§ Data section












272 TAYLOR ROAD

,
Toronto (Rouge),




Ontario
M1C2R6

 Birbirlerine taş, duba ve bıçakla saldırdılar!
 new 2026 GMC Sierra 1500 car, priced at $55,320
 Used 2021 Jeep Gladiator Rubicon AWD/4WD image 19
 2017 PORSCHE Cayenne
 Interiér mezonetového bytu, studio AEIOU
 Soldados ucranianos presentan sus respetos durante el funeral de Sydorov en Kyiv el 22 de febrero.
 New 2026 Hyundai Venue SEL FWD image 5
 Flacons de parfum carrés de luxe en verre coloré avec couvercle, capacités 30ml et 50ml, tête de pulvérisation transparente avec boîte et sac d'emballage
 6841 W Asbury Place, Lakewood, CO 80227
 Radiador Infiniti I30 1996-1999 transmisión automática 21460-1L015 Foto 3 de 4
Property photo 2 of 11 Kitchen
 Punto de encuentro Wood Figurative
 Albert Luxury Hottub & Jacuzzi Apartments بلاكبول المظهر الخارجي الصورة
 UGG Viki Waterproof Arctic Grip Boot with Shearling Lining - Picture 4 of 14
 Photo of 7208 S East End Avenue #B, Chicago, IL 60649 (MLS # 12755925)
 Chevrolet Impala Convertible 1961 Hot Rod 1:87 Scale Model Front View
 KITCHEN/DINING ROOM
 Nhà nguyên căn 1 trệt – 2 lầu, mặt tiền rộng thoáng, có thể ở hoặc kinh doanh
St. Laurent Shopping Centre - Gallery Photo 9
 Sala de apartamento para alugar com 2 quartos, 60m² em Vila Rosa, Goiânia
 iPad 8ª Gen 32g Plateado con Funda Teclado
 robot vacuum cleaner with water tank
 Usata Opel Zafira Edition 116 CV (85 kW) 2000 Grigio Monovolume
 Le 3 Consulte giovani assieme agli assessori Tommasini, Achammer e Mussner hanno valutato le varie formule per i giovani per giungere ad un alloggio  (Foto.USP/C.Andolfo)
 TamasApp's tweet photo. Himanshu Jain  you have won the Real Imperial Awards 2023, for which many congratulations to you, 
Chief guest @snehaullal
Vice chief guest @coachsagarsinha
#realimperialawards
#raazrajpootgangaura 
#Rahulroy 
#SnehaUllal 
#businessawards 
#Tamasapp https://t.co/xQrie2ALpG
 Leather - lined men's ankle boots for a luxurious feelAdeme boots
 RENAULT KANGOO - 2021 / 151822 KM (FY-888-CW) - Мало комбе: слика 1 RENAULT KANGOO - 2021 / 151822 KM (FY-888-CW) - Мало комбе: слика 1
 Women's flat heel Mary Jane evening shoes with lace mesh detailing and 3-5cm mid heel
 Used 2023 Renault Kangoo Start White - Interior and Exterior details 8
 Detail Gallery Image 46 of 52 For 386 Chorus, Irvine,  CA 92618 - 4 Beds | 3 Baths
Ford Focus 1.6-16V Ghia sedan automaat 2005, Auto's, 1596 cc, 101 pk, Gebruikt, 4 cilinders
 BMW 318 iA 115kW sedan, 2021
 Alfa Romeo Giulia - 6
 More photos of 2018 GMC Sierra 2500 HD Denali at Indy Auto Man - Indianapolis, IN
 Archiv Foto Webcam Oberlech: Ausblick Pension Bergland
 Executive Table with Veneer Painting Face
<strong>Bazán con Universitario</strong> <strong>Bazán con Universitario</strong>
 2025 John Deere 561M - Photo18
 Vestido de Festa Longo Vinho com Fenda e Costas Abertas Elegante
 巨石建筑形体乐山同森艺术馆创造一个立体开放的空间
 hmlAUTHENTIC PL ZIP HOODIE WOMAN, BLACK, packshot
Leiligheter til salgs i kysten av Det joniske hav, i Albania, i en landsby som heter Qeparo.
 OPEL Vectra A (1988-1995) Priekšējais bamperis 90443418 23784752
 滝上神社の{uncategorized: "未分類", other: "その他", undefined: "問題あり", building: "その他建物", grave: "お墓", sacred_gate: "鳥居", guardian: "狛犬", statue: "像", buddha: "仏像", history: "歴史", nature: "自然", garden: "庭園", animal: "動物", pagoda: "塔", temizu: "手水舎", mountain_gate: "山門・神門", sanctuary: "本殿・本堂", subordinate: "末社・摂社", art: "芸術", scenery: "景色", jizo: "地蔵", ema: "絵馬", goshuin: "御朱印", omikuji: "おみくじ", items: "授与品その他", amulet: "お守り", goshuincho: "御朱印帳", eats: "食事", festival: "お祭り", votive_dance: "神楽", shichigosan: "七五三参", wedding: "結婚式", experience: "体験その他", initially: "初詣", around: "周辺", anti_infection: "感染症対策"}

§ Task prompt
All of the records above are to be repeated exactly.

§ Solution for this problem
272 TAYLOR ROAD

,
Toronto (Rouge),




Ontario
M1C2R6

 Birbirlerine taş, duba ve bıçakla saldırdılar!
 new 2026 GMC Sierra 1500 car, priced at $55,320
 Used 2021 Jeep Gladiator Rubicon AWD/4WD image 19
 2017 PORSCHE Cayenne
 Interiér mezonetového bytu, studio AEIOU
 Soldados ucranianos presentan sus respetos durante el funeral de Sydorov en Kyiv el 22 de febrero.
 New 2026 Hyundai Venue SEL FWD image 5
 Flacons de parfum carrés de luxe en verre coloré avec couvercle, capacités 30ml et 50ml, tête de pulvérisation transparente avec boîte et sac d'emballage
 6841 W Asbury Place, Lakewood, CO 80227
 Radiador Infiniti I30 1996-1999 transmisión automática 21460-1L015 Foto 3 de 4
Property photo 2 of 11 Kitchen
 Punto de encuentro Wood Figurative
 Albert Luxury Hottub & Jacuzzi Apartments بلاكبول المظهر الخارجي الصورة
 UGG Viki Waterproof Arctic Grip Boot with Shearling Lining - Picture 4 of 14
 Photo of 7208 S East End Avenue #B, Chicago, IL 60649 (MLS # 12755925)
 Chevrolet Impala Convertible 1961 Hot Rod 1:87 Scale Model Front View
 KITCHEN/DINING ROOM
 Nhà nguyên căn 1 trệt – 2 lầu, mặt tiền rộng thoáng, có thể ở hoặc kinh doanh
St. Laurent Shopping Centre - Gallery Photo 9
 Sala de apartamento para alugar com 2 quartos, 60m² em Vila Rosa, Goiânia
 iPad 8ª Gen 32g Plateado con Funda Teclado
 robot vacuum cleaner with water tank
 Usata Opel Zafira Edition 116 CV (85 kW) 2000 Grigio Monovolume
 Le 3 Consulte giovani assieme agli assessori Tommasini, Achammer e Mussner hanno valutato le varie formule per i giovani per giungere ad un alloggio  (Foto.USP/C.Andolfo)
 TamasApp's tweet photo. Himanshu Jain  you have won the Real Imperial Awards 2023, for which many congratulations to you, 
Chief guest @snehaullal
Vice chief guest @coachsagarsinha
#realimperialawards
#raazrajpootgangaura 
#Rahulroy 
#SnehaUllal 
#businessawards 
#Tamasapp https://t.co/xQrie2ALpG
 Leather - lined men's ankle boots for a luxurious feelAdeme boots
 RENAULT KANGOO - 2021 / 151822 KM (FY-888-CW) - Мало комбе: слика 1 RENAULT KANGOO - 2021 / 151822 KM (FY-888-CW) - Мало комбе: слика 1
 Women's flat heel Mary Jane evening shoes with lace mesh detailing and 3-5cm mid heel
 Used 2023 Renault Kangoo Start White - Interior and Exterior details 8
 Detail Gallery Image 46 of 52 For 386 Chorus, Irvine,  CA 92618 - 4 Beds | 3 Baths
Ford Focus 1.6-16V Ghia sedan automaat 2005, Auto's, 1596 cc, 101 pk, Gebruikt, 4 cilinders
 BMW 318 iA 115kW sedan, 2021
 Alfa Romeo Giulia - 6
 More photos of 2018 GMC Sierra 2500 HD Denali at Indy Auto Man - Indianapolis, IN
 Archiv Foto Webcam Oberlech: Ausblick Pension Bergland
 Executive Table with Veneer Painting Face
<strong>Bazán con Universitario</strong> <strong>Bazán con Universitario</strong>
 2025 John Deere 561M - Photo18
 Vestido de Festa Longo Vinho com Fenda e Costas Abertas Elegante
 巨石建筑形体乐山同森艺术馆创造一个立体开放的空间
 hmlAUTHENTIC PL ZIP HOODIE WOMAN, BLACK, packshot
Leiligheter til salgs i kysten av Det joniske hav, i Albania, i en landsby som heter Qeparo.
 OPEL Vectra A (1988-1995) Priekšējais bamperis 90443418 23784752
 滝上神社の{uncategorized: "未分類", other: "その他", undefined: "問題あり", building: "その他建物", grave: "お墓", sacred_gate: "鳥居", guardian: "狛犬", statue: "像", buddha: "仏像", history: "歴史", nature: "自然", garden: "庭園", animal: "動物", pagoda: "塔", temizu: "手水舎", mountain_gate: "山門・神門", sanctuary: "本殿・本堂", subordinate: "末社・摂社", art: "芸術", scenery: "景色", jizo: "地蔵", ema: "絵馬", goshuin: "御朱印", omikuji: "おみくじ", items: "授与品その他", amulet: "お守り", goshuincho: "御朱印帳", eats: "食事", festival: "お祭り", votive_dance: "神楽", shichigosan: "七五三参", wedding: "結婚式", experience: "体験その他", initially: "初詣", around: "周辺", anti_infection: "感染症対策"}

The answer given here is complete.